Used Scikit-learn to predict the grades of students in Romania at the Baccalaureate knowing their grades from the exam in 8th grade
- Make sure Python is installed on the computer(check it with python –version). If it is not, install it from the official Python website
- Make sure pip is installed on the computer. Pip comes pre-installed with new Python releases.
- To install the tool as a standalone version, just type
pip install scikit-learn
in the terminal - These tools: numpy, pandas, matplotlib, seaborn need to be installed to process
data, to plot functions and to use mathematical functions so for every tool just type
pip install {name of the tool}
- Also it is highly recommended to install Jupyter Notebook which is a code editor in
which separate pieces of code can be executed, commented, plots can be made etc. To
install it, type:
pip install jupyter
in the terminal
The data from the 2012’s Baccalaureate is used. This data is taken from an Open sourced source: Rolisoft : Bacalaureat-data. https://github.com/RoliSoft/Bacalaureat-Data.
The Jupyter notebooks are heavily commented so the execution flow can be understood from there...

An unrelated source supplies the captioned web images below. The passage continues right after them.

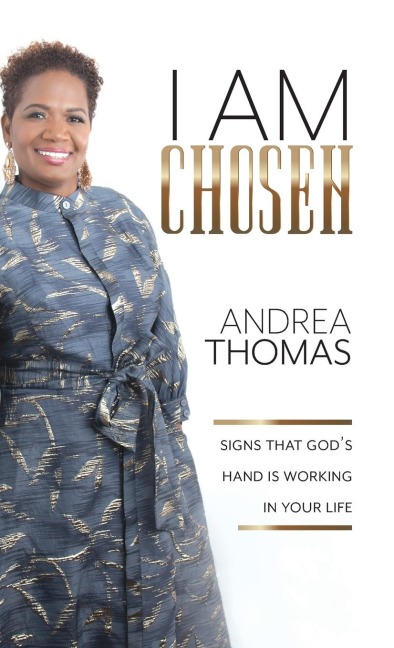 I Am Chosen: Signs That Gods Hand Is Working In Your Life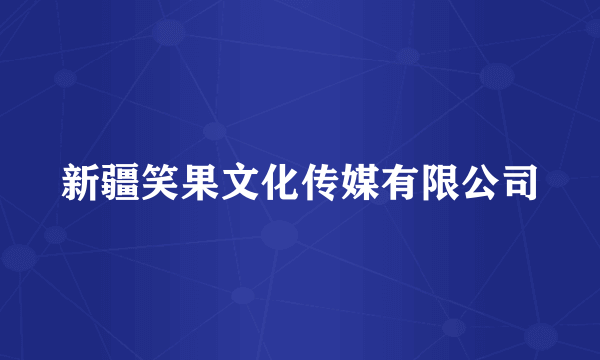 新疆笑果文化传媒有限公司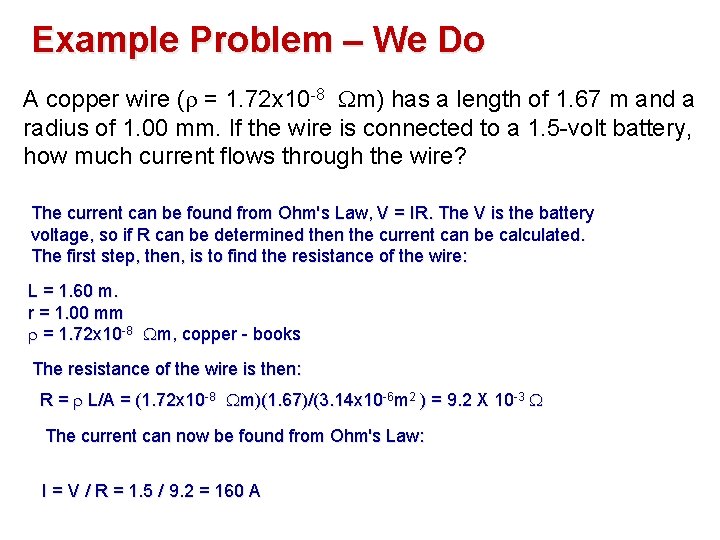 Example Problem – We Do A copper wire (r = 1. 72 x 10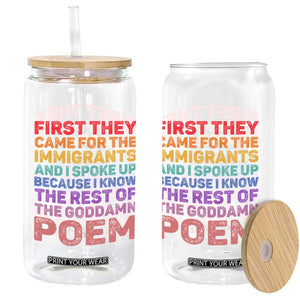 First They Came for The Immigrants Glass Can TS02 Print Your Wear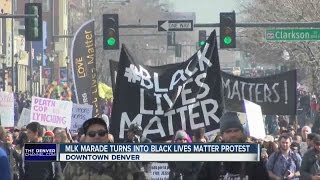 Martin Luther King Jr. Parade in Denver turns to Black Lives Matter protest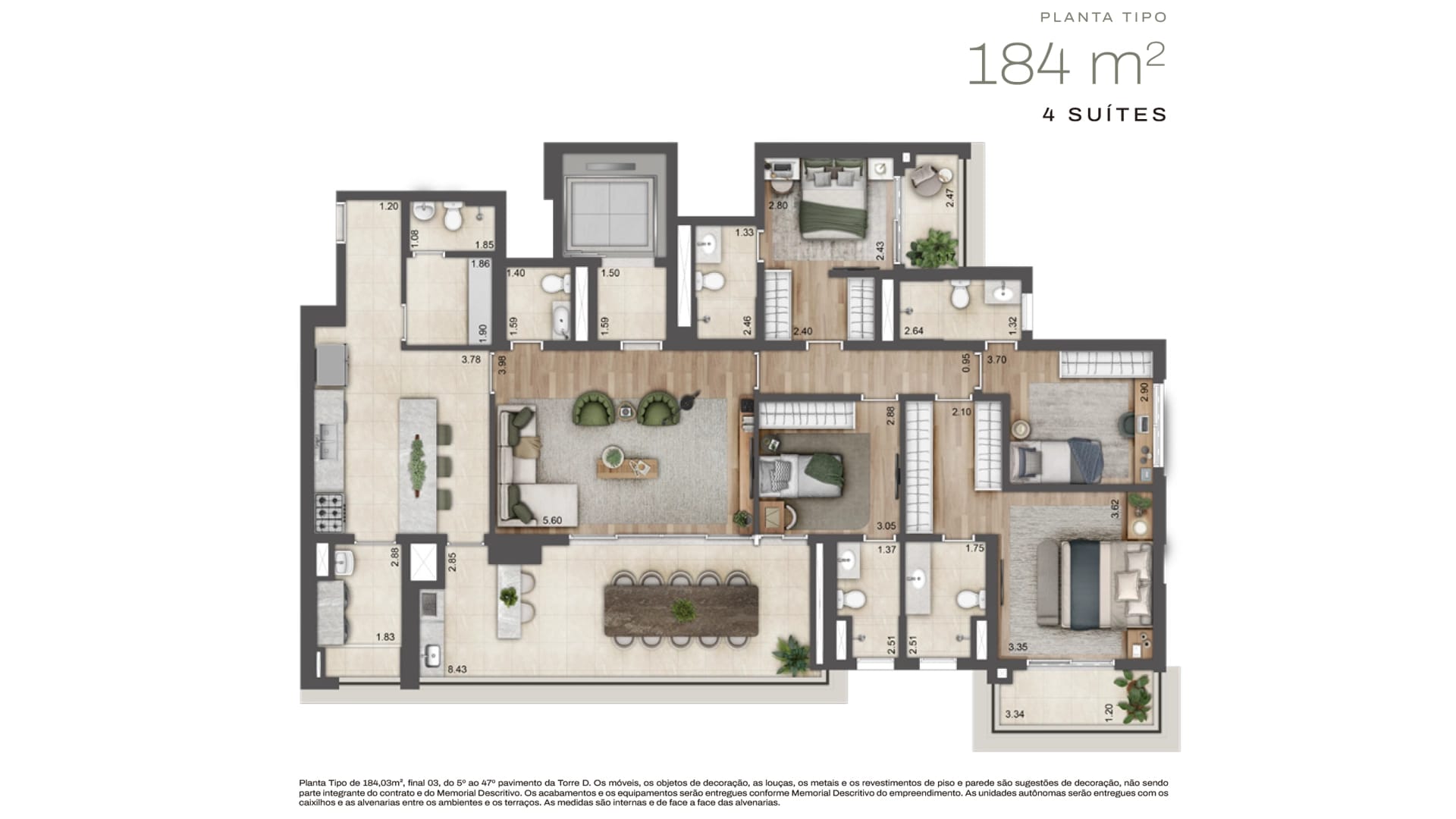 Planta Torre D · 4 suítes — 184 m²
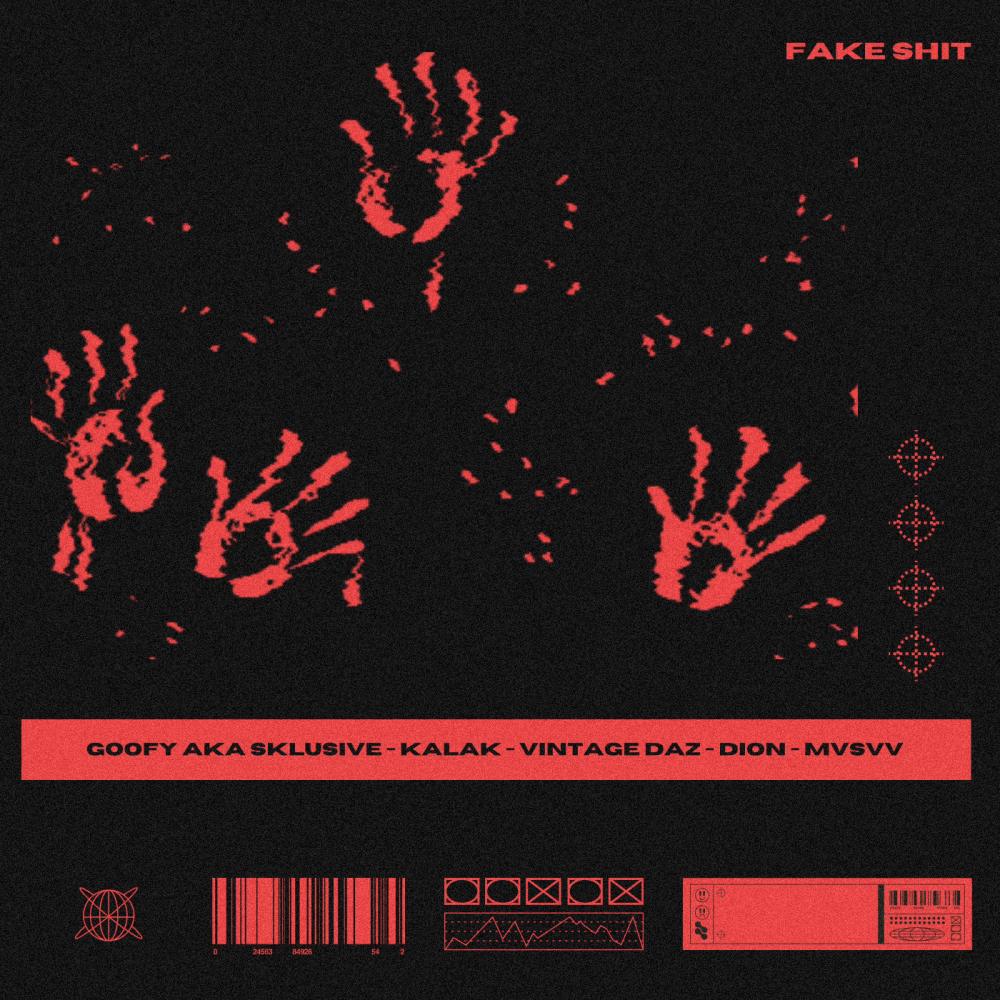 FAKE **** (feat. Goofy A.K.A Sklusive, Vintage Daz, DION & mvsvv) (Explicit)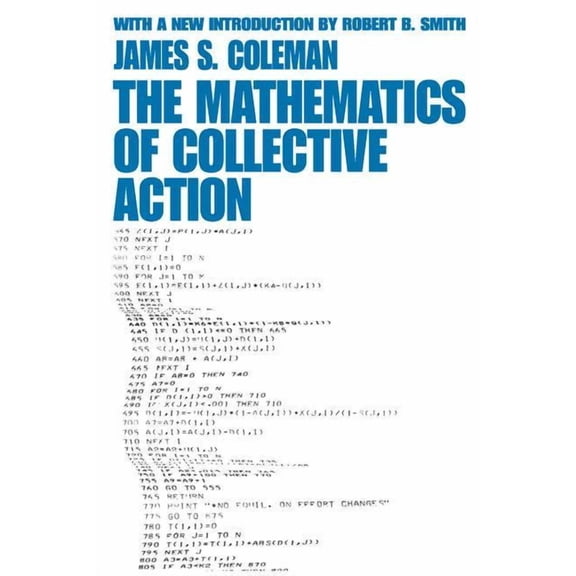 The Mathematics of Collective Action, (Paperback)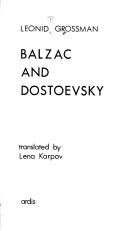 Cover of Balzac and Dostoevsky by Leonid Petrovich Grossman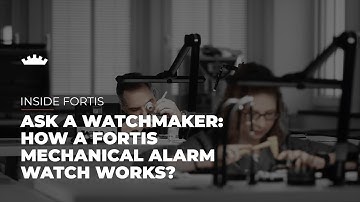 Ask a watchmaker | How a FORTIS mechanical alarm watch works?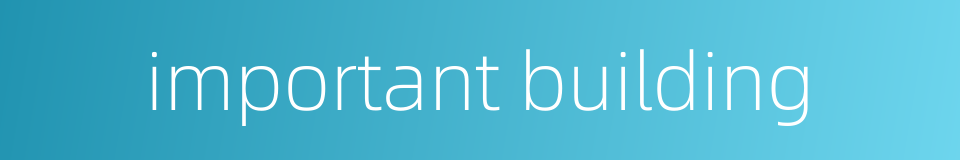 important building的同义词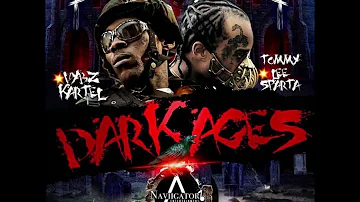 Tommy Lee Sparta ft vybz kartel : Darkages navigator records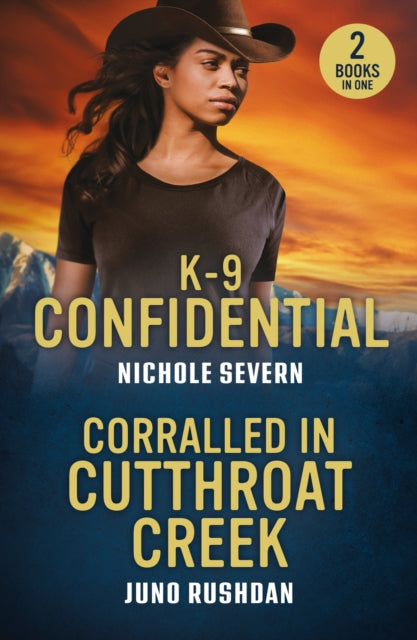 9780263397079-K-9 Confidential / Corralled In Cutthroat Creek : K-9 Confidential (New Mexico Guard Dogs) / Corralled in Cutthroat Creek (Cowboy State Lawmen: Duty and Honor)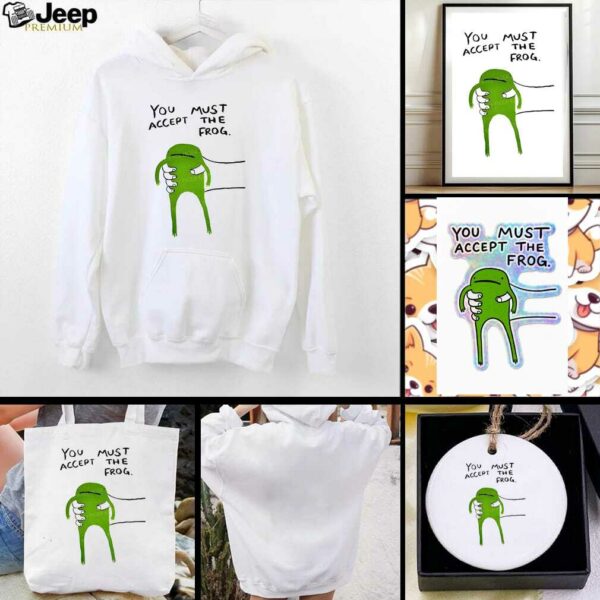 Give you frog you must accept the frog shirt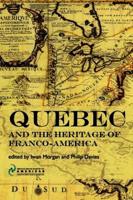 Québec and the Heritage of Franco-America
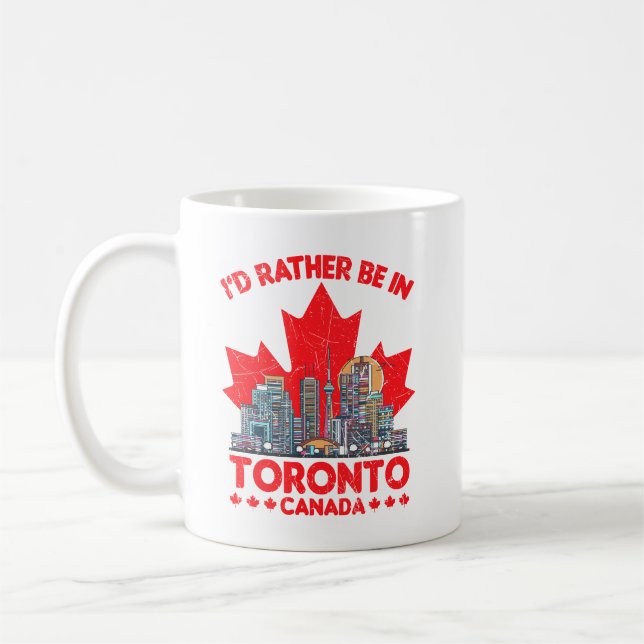 Rather be in Toronto Canada Skyline Quote Coffee Mug (Left)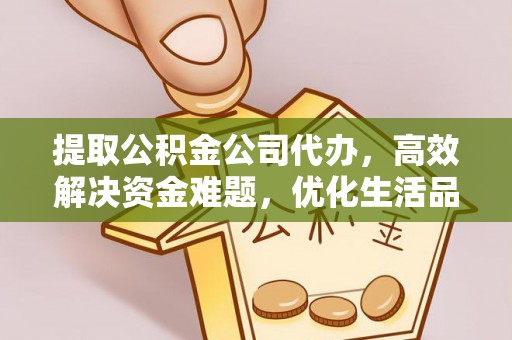 遵化提取公积金公司代办，高效解决资金难题，优化生活品质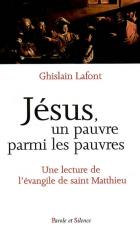 Jsus, un pauvre parmi les pauvres : une lecture de l'vangile de saint Matthieu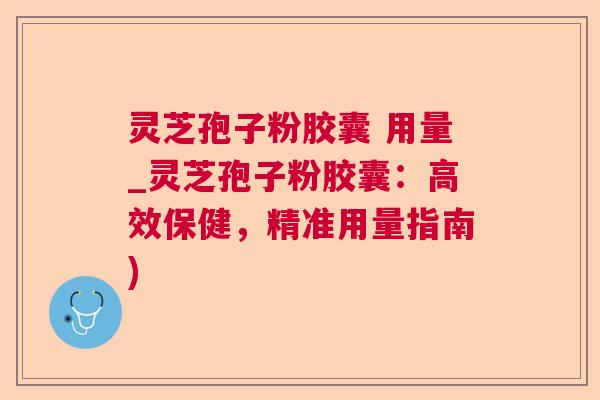 灵芝孢子粉胶囊 用量_灵芝孢子粉胶囊:高效保健,精准用量指南)  第1张 灵芝孢子粉胶囊 用量_灵芝孢子粉胶囊:高效保健,精准用量指南)  第1张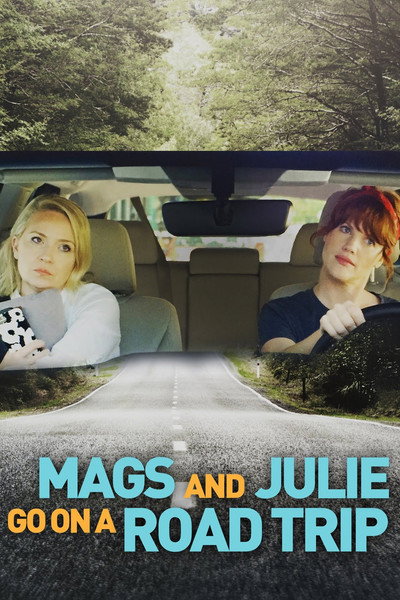 Póster de Mags and Julie Go on a Road Trip.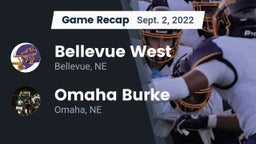 Recap: Bellevue West  vs. Omaha Burke  2022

Romana final is the grade for the final Baccalaureate grade in Romanian language. It is a continuous value ranging from 0 to 10. So, this is a regression problem. Some information about the target value:
This was a tough experiment because a lot of feature engineering needed to be done, namely:
- Removing highly correlated columns, because there are 42 columns in total with many categorical features and we must speed up the algorithms somehow. Besides this, some algorithms don’t work well with highly correlated features such as Linear Regression. Several features were excluded because of correlation such as ’..nota’ and ’..contestatie’ for every type of grade because the ’...final’ column contains the final grade which is of our interest. Yes, some observations could have been made regarding who goes to dispute the grade(contestare), but because the columns contain sparse data I excluded them to speed up the algorithm. We can see that ’media teze nationale’ and ’media la admitere’ are highly correlated(because one is used in the calculation of the other one). Also, ’nota la limba romana’ and ’optional8 nota’ and ’nota la matematica’ are highly correlated with both the ’media la admitere’ and ’media teze nationale’ These are obvious because some of the columns are just the average of other columns, so these will be removed. But there is a neat trick here: we won’t include the ’limba materna8 nota’ feature because it has many empty values, but instead we include both the ’media teze nationale’ and the grades for other subjects because in this way ’media teze nationale’ will contain in itself the value for ’limba materna8 nota’.
- Transforming categorical features. Random Forest can work well with Label Encoded features and it is also quicker. One hot encoded features were used initially with Random Forest to see the feature importance for every subcategory. In this way, we got some interesting results such as Harghita county in itself is a very good predictor for the final target value. Nume feature was replaced with firstnames, and students can contain multiple firstnames so they were one-hot encoded to allow multiple firstnames for a single person. Also, ’limba moderna nota’ was a categorical feature but was replaced with a single number which is the average of the grades got at the exam with A1 = 1 and B2 = 4. For those who have taken another language exam, their grades were replaced with the maximum grade of 4.0.
After running a Random Forest Regressor we got an accuracy of 70%. Cross validation showed a score of 67% which is still a high value. Several other algorithms were tried. Only one was with success(GradientBoostingRegressor) with an accuracy score of 72%.